The international shipping industry is wrestling with a spate of fires aboard vessels at sea in recent months that have crippled several big cargo ships, killed a number of seafarers and cost companies and their customers hundreds of millions of dollars in damages.
The latest blaze came on March 10, when a nearly 31,000-ton combined container and automobile carrier caught fire in the Bay of Biscay off the coast of France, leading to the rescue of 27 crew members by a British Navy frigate. The Grimaldi Lines-operated Grande America sank two days later, taking more than 2,000 cars that included luxury Audi and Porsche models, to the seafloor.
The disaster was the fourth big ship fire in the past four months, and followed a handful of fires last year that included one that heavily damaged the megaship Maersk Honam, owned by Denmark’s A.P. Moller-Maersk A/S, the world’s largest container ship operator by capacity, and killed five crew members.
Maersk officials say the string of incidents is likely a coincidence, but it has raised alarms among operators, insurers and shipping customers, and focused more attention on the safe handling of the big quantities of goods that move on increasingly large and packed oceangoing vessels.

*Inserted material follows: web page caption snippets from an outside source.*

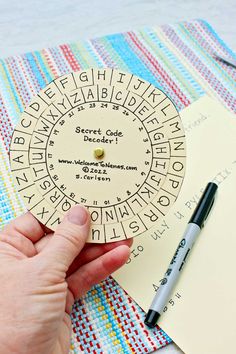 a hand holding a paper wheel with writing on it next to a notepad and pen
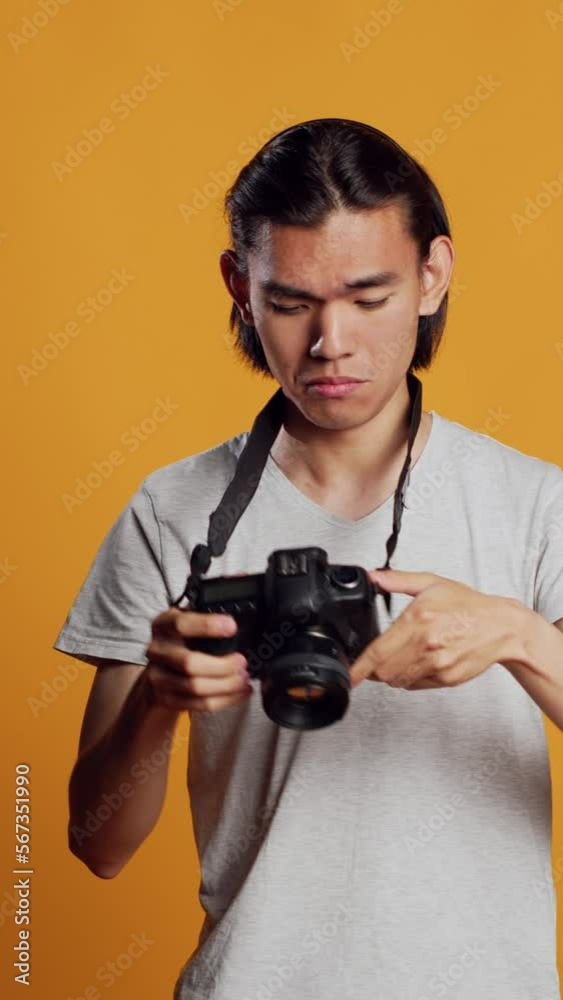 Vertical video: Young professional photographer using dslr camera to take pictures, having fun with photos at photography shoot in studio. Male model posing with equipment, feeling confident. Vertical video: Young professional photographer using dslr camera to take pictures, having fun with photos at photography shoot in studio. Male model posing with equipment, feeling confident.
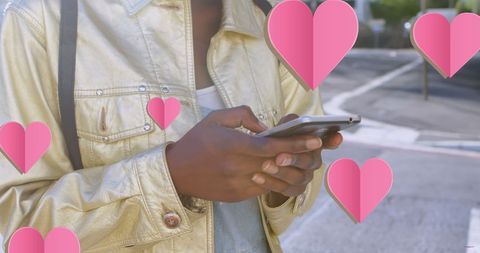 Woman in Metallic Jacket Texting with Floating Hearts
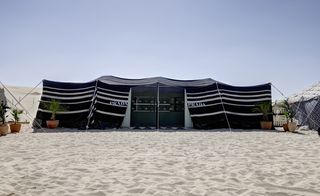 A black Bedouin tent in the desert, at daylight. The tent is set out as a Prada store.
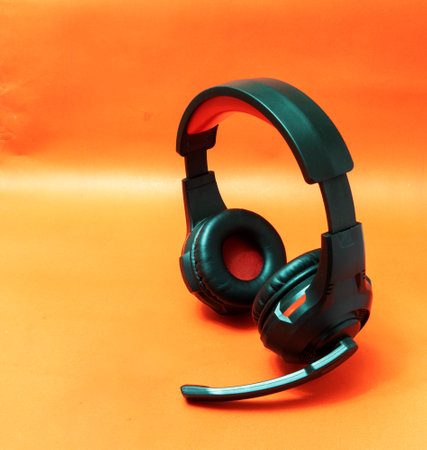 Wireless Over-Ear full size Headphones, Black leather isolated on red background with clipping pathの写真素材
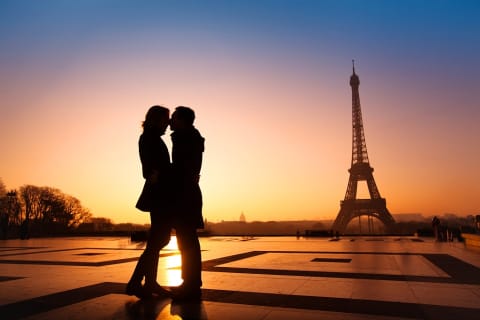 Silhouette of romantic honeymoon couple at the Eiffel tower in Paris at Sunset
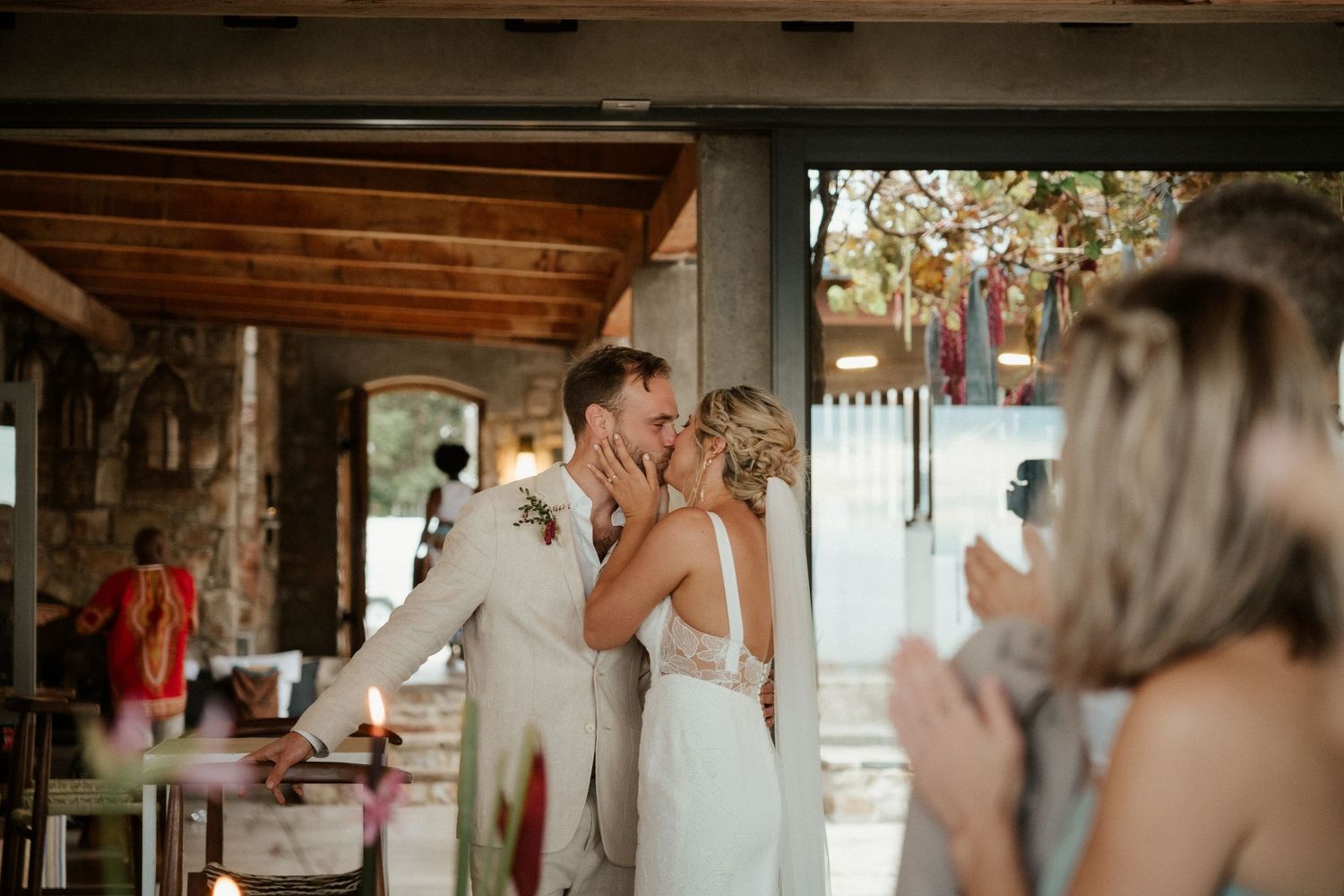 Couple shares a joyful moment during their outdoor wedding reception.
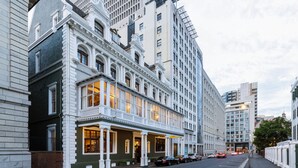 A historic building with a prominent entrance, large windows, and a balcony. - The Cape Town Club (Cape Town)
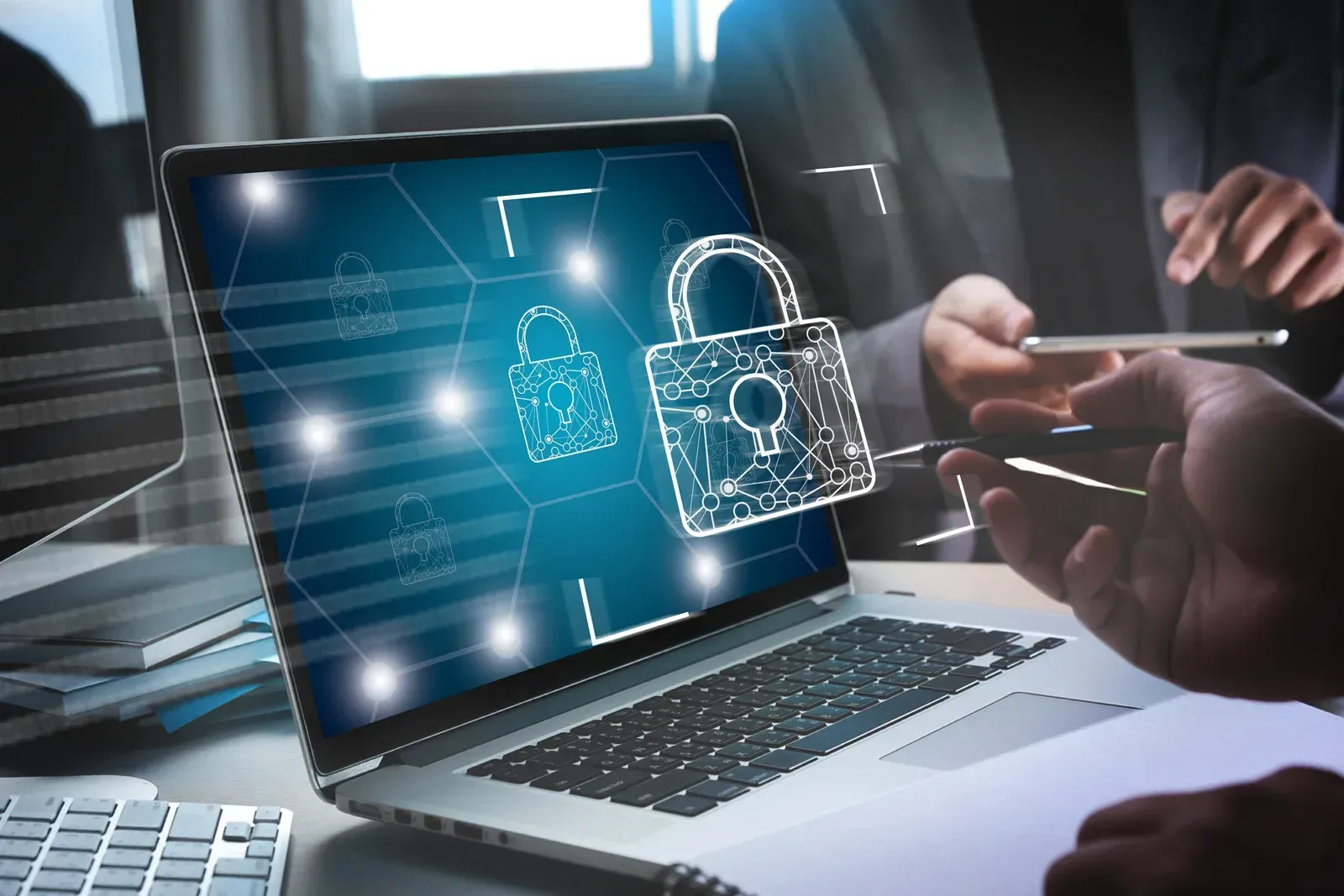 Laptop with cybersecurity lock icons on screen during a business meeting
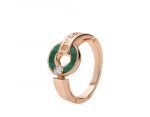 openwork-18k-rose-gold-ring-with-malachite-elements-and-a-round-brilliant-cut-diamond6ea9ab1baa0efb9e19094440c317e21b-595×464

“It was a wake-up call,” Maersk’s head of fleet technology, Ole Graa Jakobsen, said of the fire that broke out March 6, 2018, on the Maersk Honam, a 353-meter (1,158 foot) ship with capacity for 15,000 containers, in the Arabian Sea.
Maersk has since barred the stowage below deck of dangerous goods and other shipments that may be resistant to fire fighting. The cause of the Honam fire, which took five weeks to bring under control, remains under investigation, but Maersk has said the ship carried shipments classified as dangerous goods.